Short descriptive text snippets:
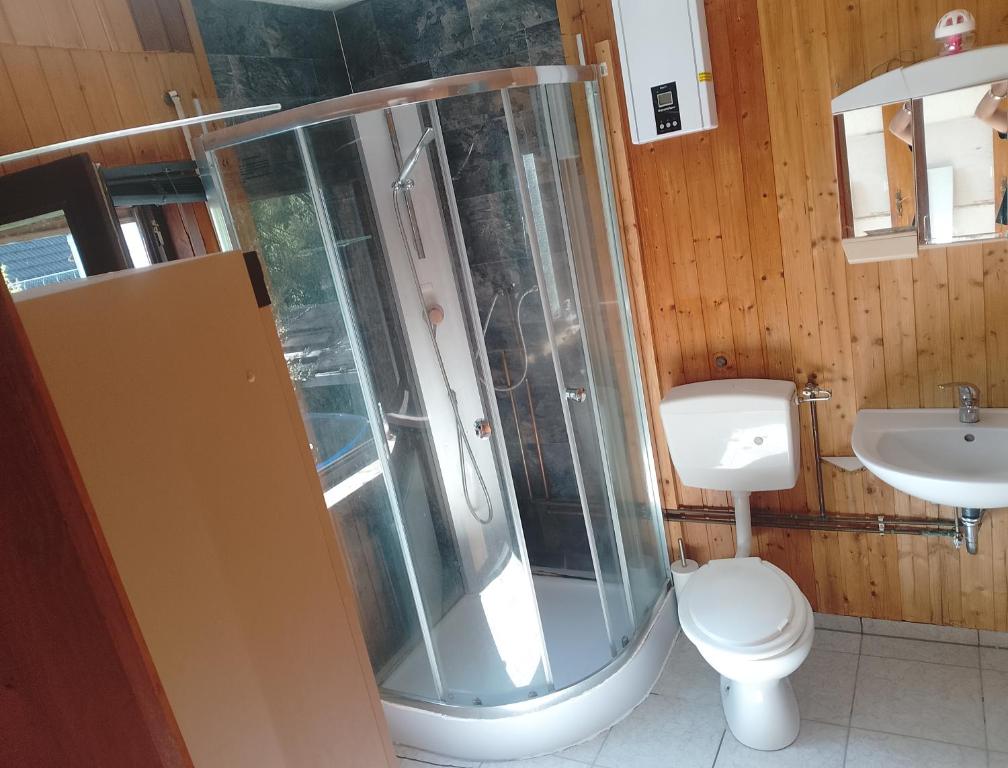 Koupelna v ubytování Haval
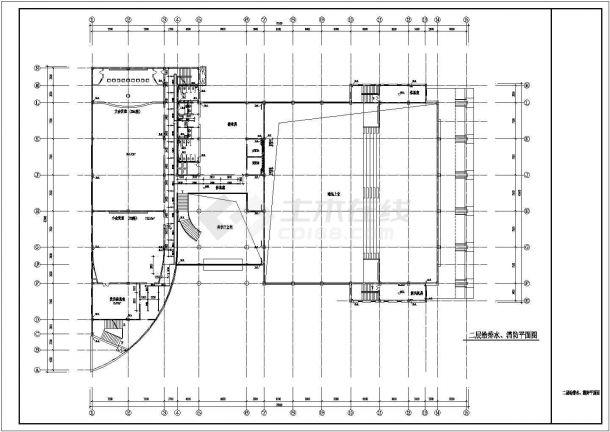 某三层办公楼给排水设计施工图-图二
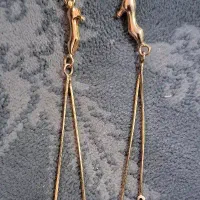 گوشواره آویزی و انگشتر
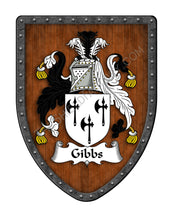 Load image into Gallery viewer, Gibbs Coat of Arms Shield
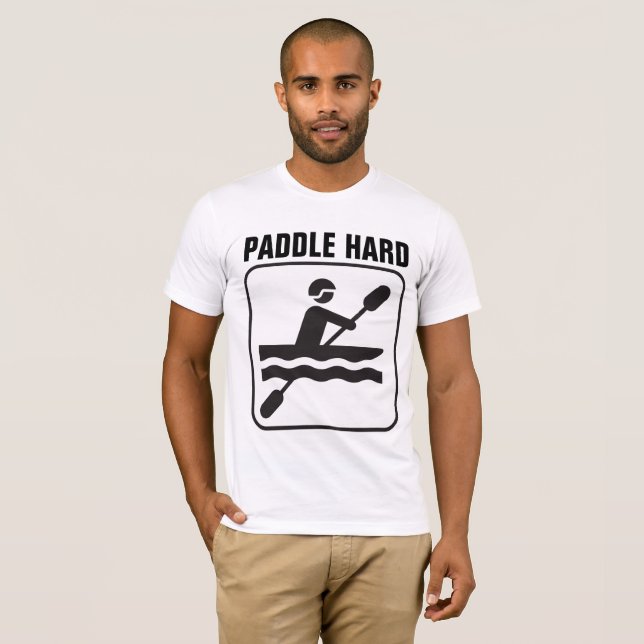 PADDLE HARD CANOE CANOEEE T - Shirt (Vorne ganz)
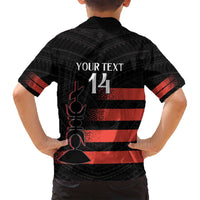 Custom New Caledonia Football Family Matching Tank Maxi Dress and Hawaiian Shirt Allez Les Cagous Polynesian Pattern LT14 - Polynesian Pride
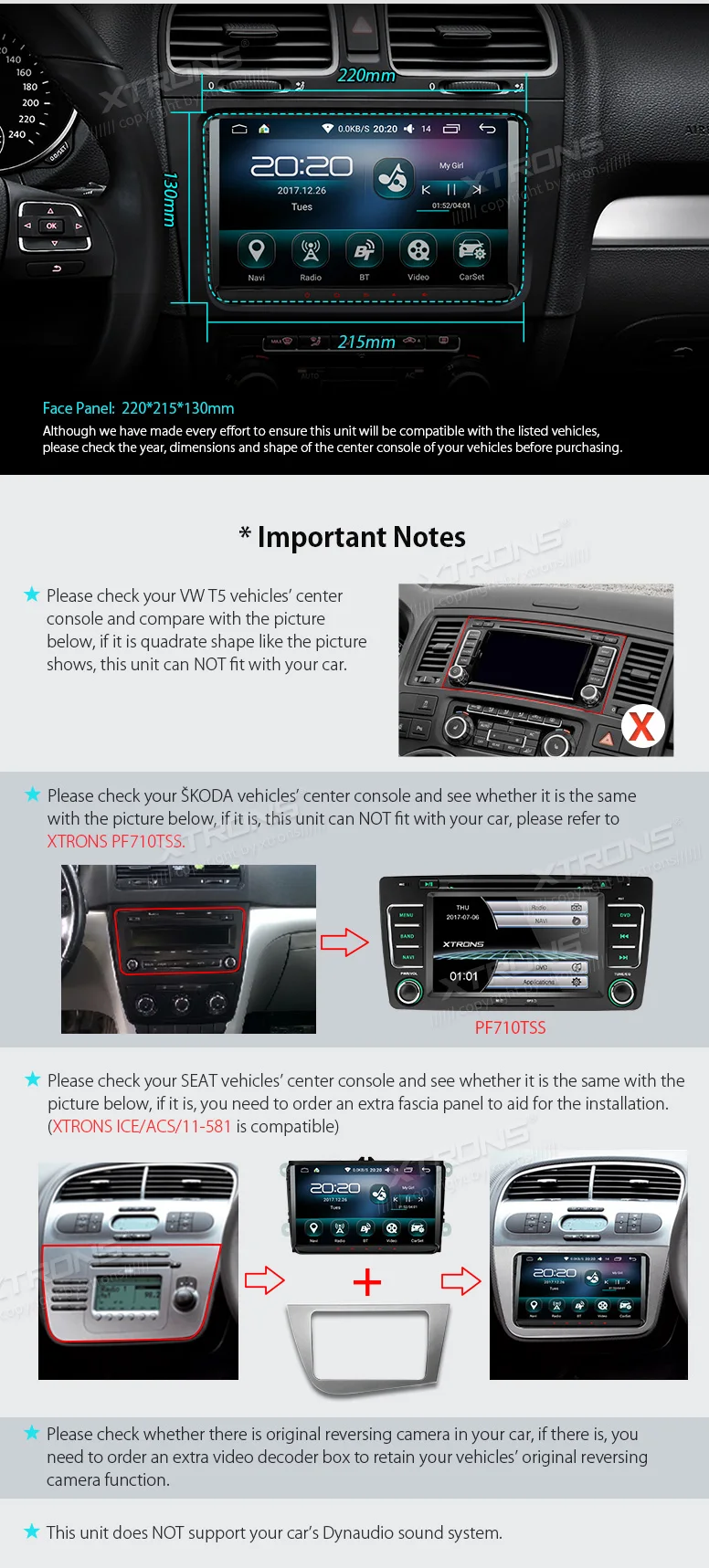 Discount XTRONS 9" Android Radio Car DVD Player Head Unit Stereo GPS Navigate for VW Volkswagen Amarok Touran Wagon Sedan EOS for Seat 5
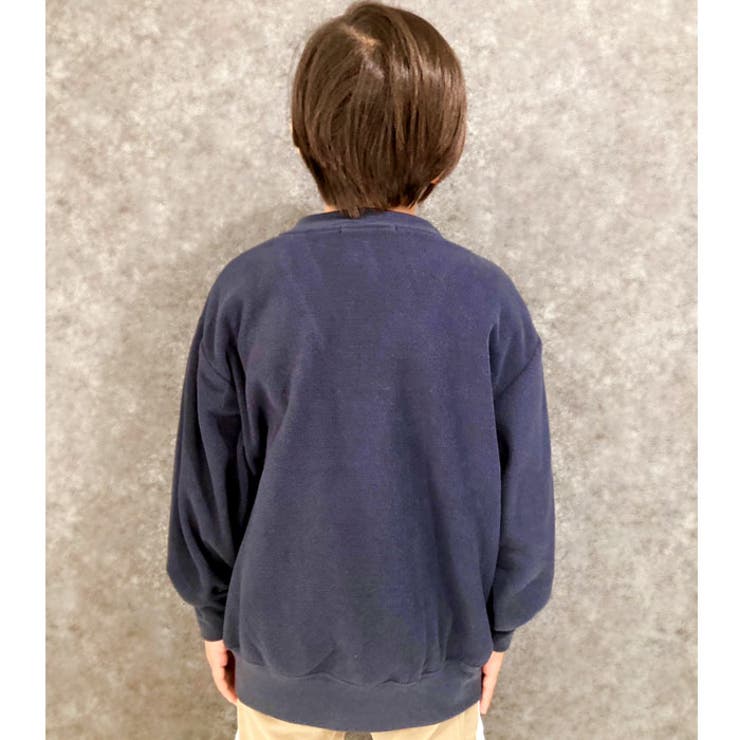 キッズカーディガンマイクロフリース子供服男の子女の子ボーイズガールズ無地羽織りライトアウターカーデビッグシルエットBIG大きめゆったり110cm120cm130cm140cm150cm160cm「943-05」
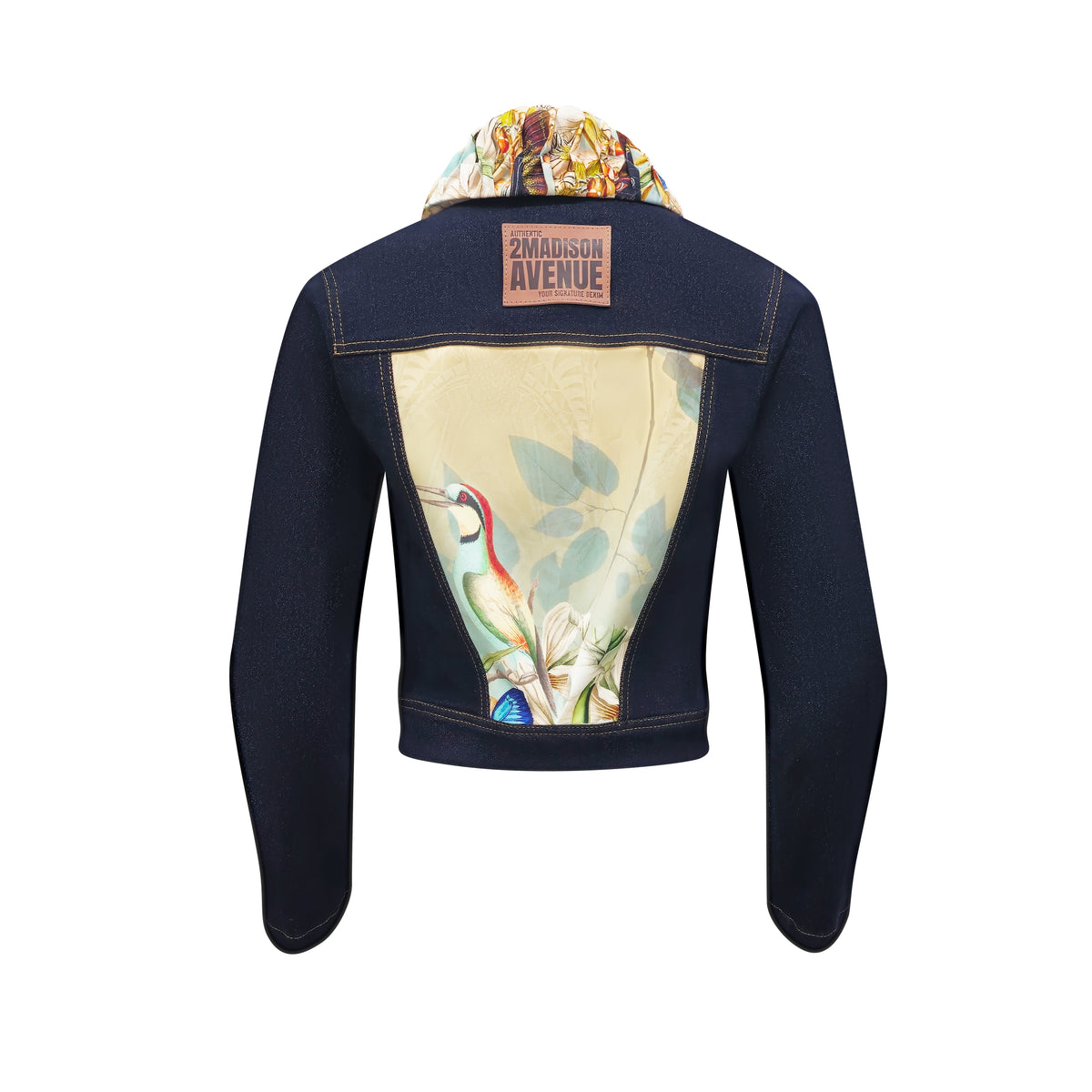 Miami Tosca cropped denim jacket (7679327404055)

WORK INSTRUCTIONS
Word for word, restate each line above, minus its pictures.

WRITTEN SOLUTION
 Koupelna v ubytování Haval
 某三层办公楼给排水设计施工图-图二
 گوشواره آویزی و انگشتر
 Load image into Gallery viewer, Gibbs Coat of Arms Shield
 PADDLE HARD CANOE CANOEEE T - Shirt (Vorne ganz)
 Custom New Caledonia Football Family Matching Tank Maxi Dress and Hawaiian Shirt Allez Les Cagous Polynesian Pattern LT14 - Polynesian Pride
 Discount XTRONS 9" Android Radio Car DVD Player Head Unit Stereo GPS Navigate for VW Volkswagen Amarok Touran Wagon Sedan EOS for Seat 5
 キッズカーディガンマイクロフリース子供服男の子女の子ボーイズガールズ無地羽織りライトアウターカーデビッグシルエットBIG大きめゆったり110cm120cm130cm140cm150cm160cm「943-05」
 Miami Tosca cropped denim jacket (7679327404055)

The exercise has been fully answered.